Task requirements
Nothing outside the range is to be copied. From the entries below, reproduce exactly the lines starting at the one with "Brown Copper Idols" and ending at the one with "Red beaded bracelet", without pictures.

══ Input material ══

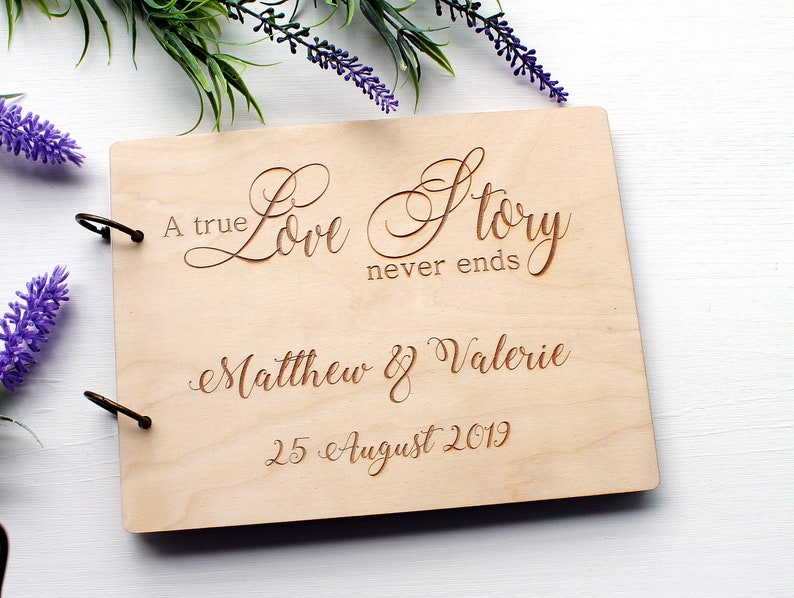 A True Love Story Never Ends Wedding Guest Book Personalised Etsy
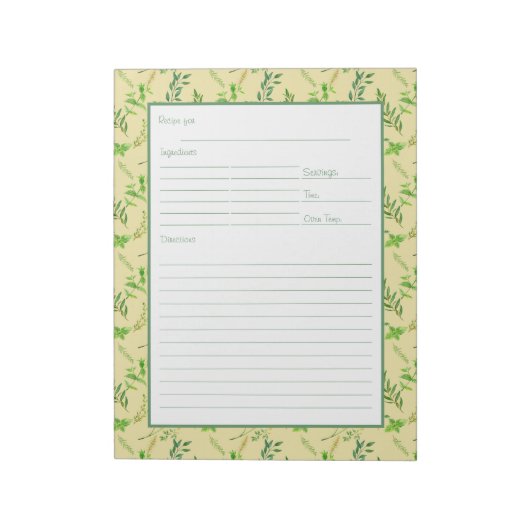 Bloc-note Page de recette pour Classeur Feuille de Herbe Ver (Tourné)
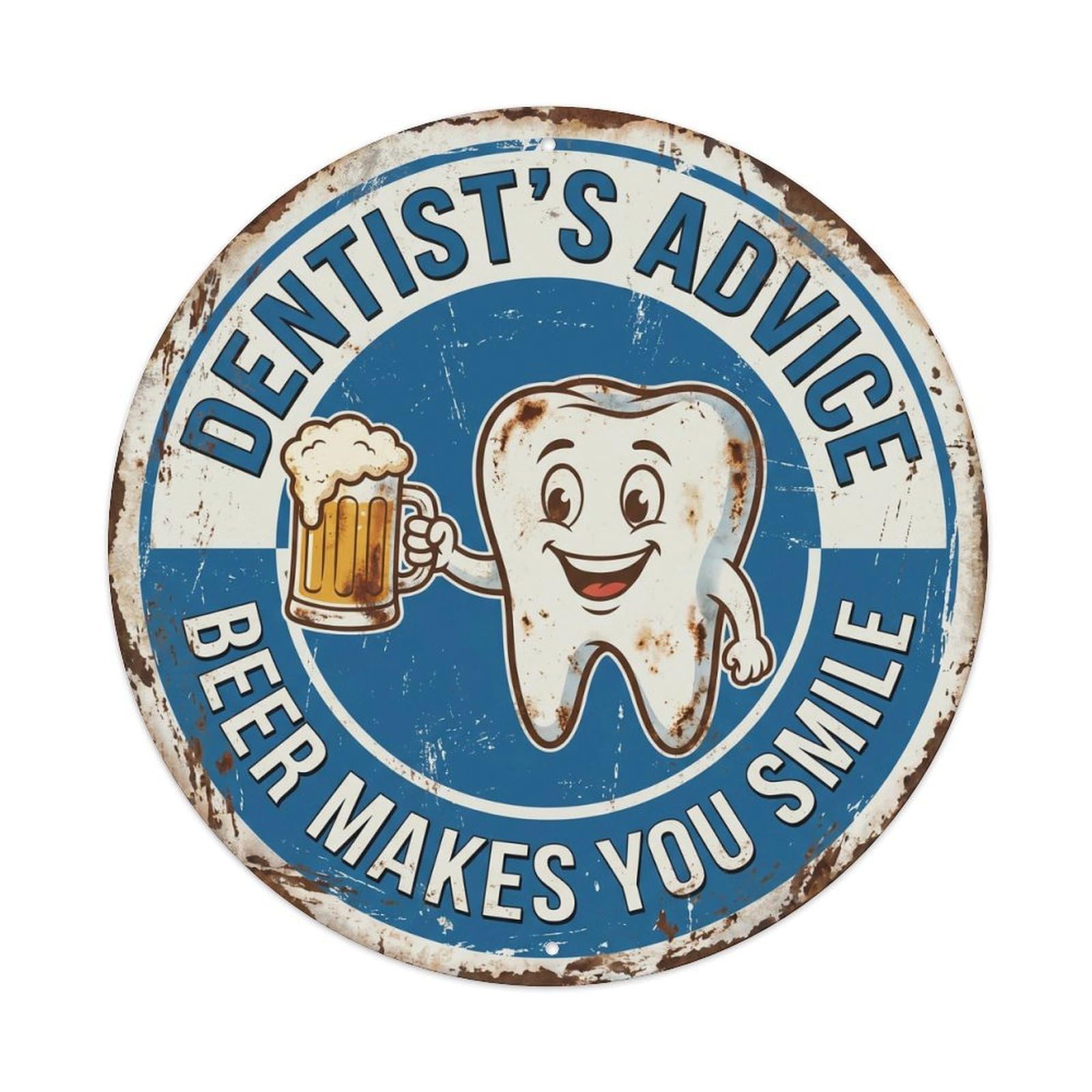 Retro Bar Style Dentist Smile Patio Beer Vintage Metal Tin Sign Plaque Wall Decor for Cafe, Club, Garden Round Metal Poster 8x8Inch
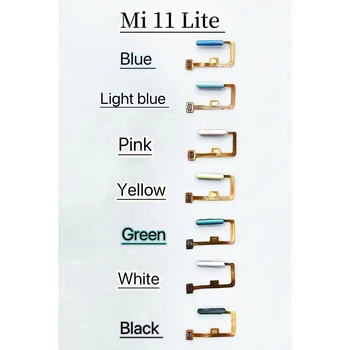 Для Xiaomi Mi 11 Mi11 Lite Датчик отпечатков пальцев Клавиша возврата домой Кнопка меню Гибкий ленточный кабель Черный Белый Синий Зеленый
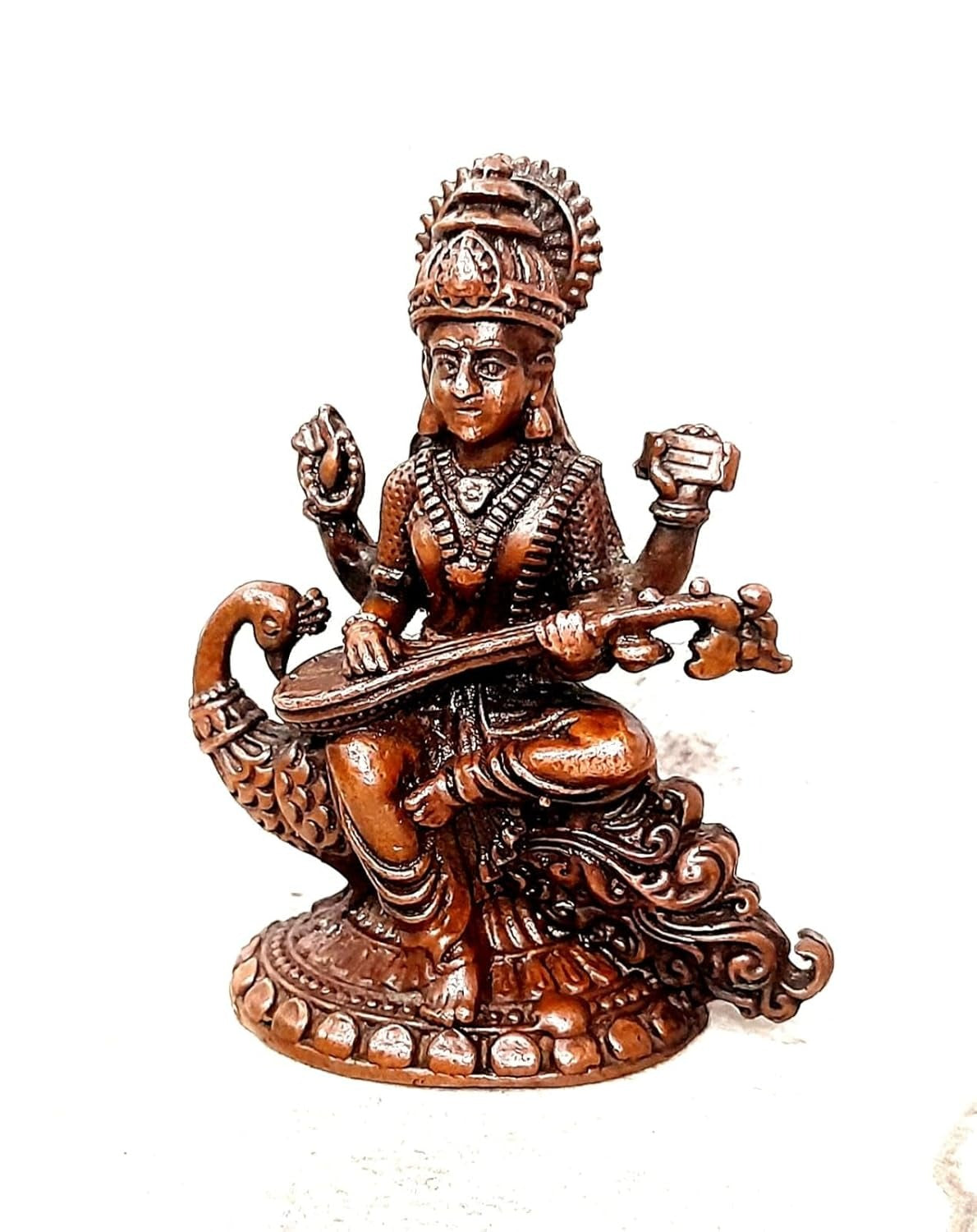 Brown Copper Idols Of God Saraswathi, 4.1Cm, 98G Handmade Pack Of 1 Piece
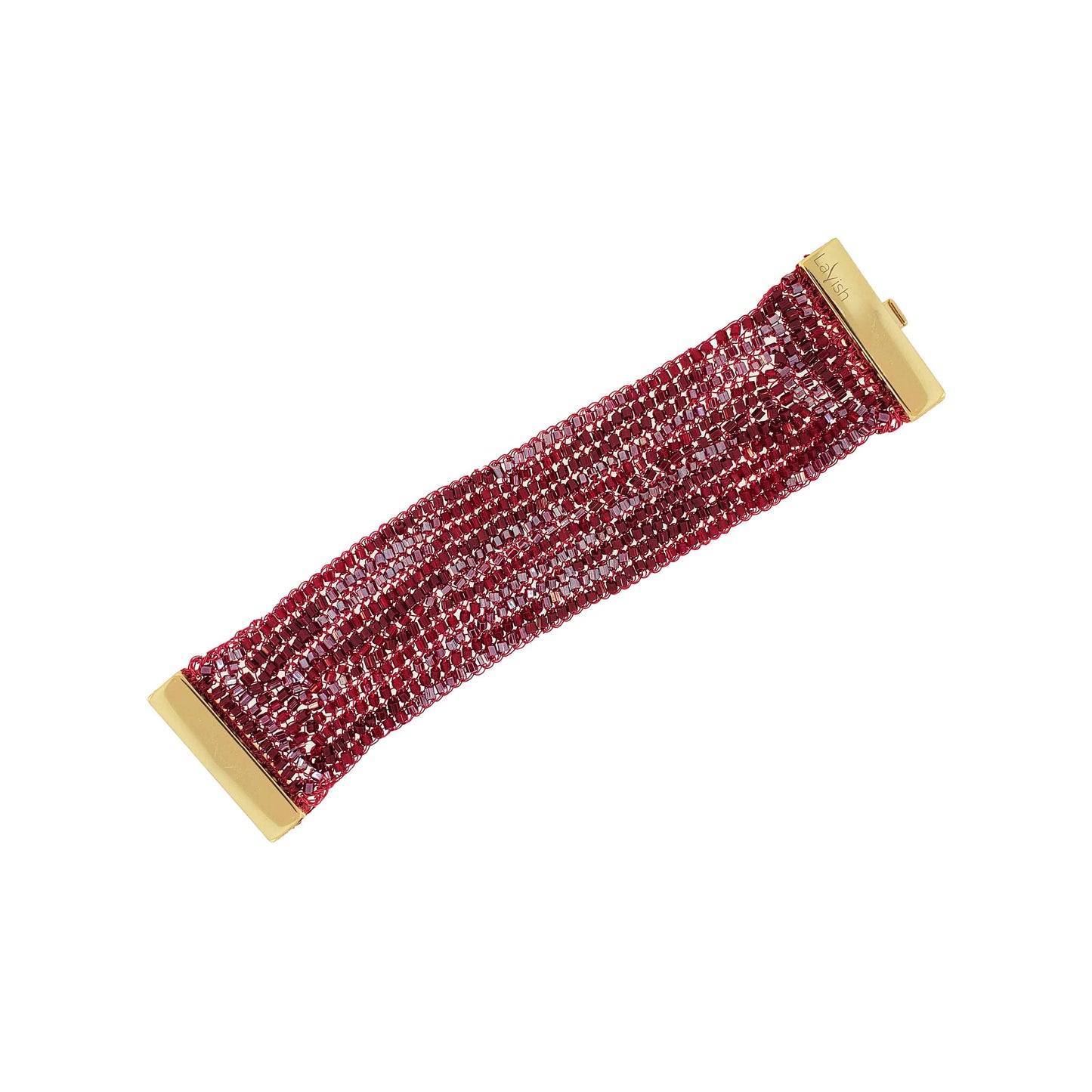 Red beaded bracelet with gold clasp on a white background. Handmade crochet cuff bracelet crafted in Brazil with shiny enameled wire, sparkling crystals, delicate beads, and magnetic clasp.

═══
══ Input material ══

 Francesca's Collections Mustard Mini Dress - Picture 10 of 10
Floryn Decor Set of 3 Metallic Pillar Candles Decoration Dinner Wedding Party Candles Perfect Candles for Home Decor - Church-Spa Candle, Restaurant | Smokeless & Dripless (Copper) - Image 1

═══

Exercise output
 Brown Copper Idols Of God Saraswathi, 4.1Cm, 98G Handmade Pack Of 1 Piece
 Red beaded bracelet with gold clasp on a white background. Handmade crochet cuff bracelet crafted in Brazil with shiny enameled wire, sparkling crystals, delicate beads, and magnetic clasp.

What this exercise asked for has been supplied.